A Few Weeks with WordPress 2.5
When WordPress 2.5 came out, I was thinking I’d offer a narrative of “how I stopped worrying and learned to love WordPress 2.5.” That ended up being a little dull. Instead, because we’re always told that the internet loves lists — and at this late date it seems unreasonable to offer something more comprehensive — I’ve got a short enumerations of the good and bad.
Good
- A New Look — Though I wouldn’t say that all aesthetic changes made to WordPress redound to the good, I’m satisfied. The new colors are nice, the dashboard’s been improved, and everything feels better.
- Much Better Tag Integration — This is a direct descendant of the above point. Now a list of entries shows the tags. Now we get tag suggestions. And the ability to edit tags as a group. All of these are big improvements over the piecemeal support for tags that felt tagged on to 2.3.
- Better Media Integration — Though I’ve heard — and share — some discontent with the new Flash uploader, it’s nice that it was rethought. The ability to easily upload many pictures, and to easily create galleries are nice changes.
- Crucial or Trivial Bonus: Plays nice with Safari/WebKit — Anyone who tried using Safari with WordPress before will understand what a nice change this is. Anyone who hasn’t tried will think this is a silly point.
Bad
- The Bugs — This may be based solely on the fact that I use custom fields, but I’ve been having terrible trouble with both scheduling posts and the unnecessary creation of extraneous drafts. These sins can be forgiven, but I am getting rather impatient waiting for a fix.

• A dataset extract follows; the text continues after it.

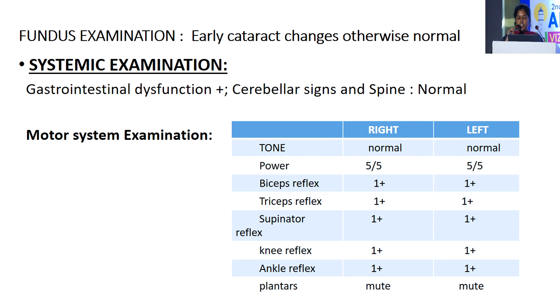Motor system examination: right side tone and power is normal. Biceps, triceps, supinator, knee and ankle reflexes were depressed, and planters were mute.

- The New Look — A lot of changes to the Write page are for the better, but the dearth of white space on the right side confounds me. Catergories were there previously, and I think there was a number of good reasons for that. Tags, I think, should go there as well. But neither’s there. As I sidenote: I’m not really a fan of this Lucidia Grande business in the editor either.
- Change is Hard — This is more a personal problem, but a lot of people (myself included) have been and slow to accept 2.5. This innate resistance to change is both irrational, and a waste of time.
I’m certainly not going back, and am even less likely to change blogging platforms, so all of this is essentially trivial. But now you know.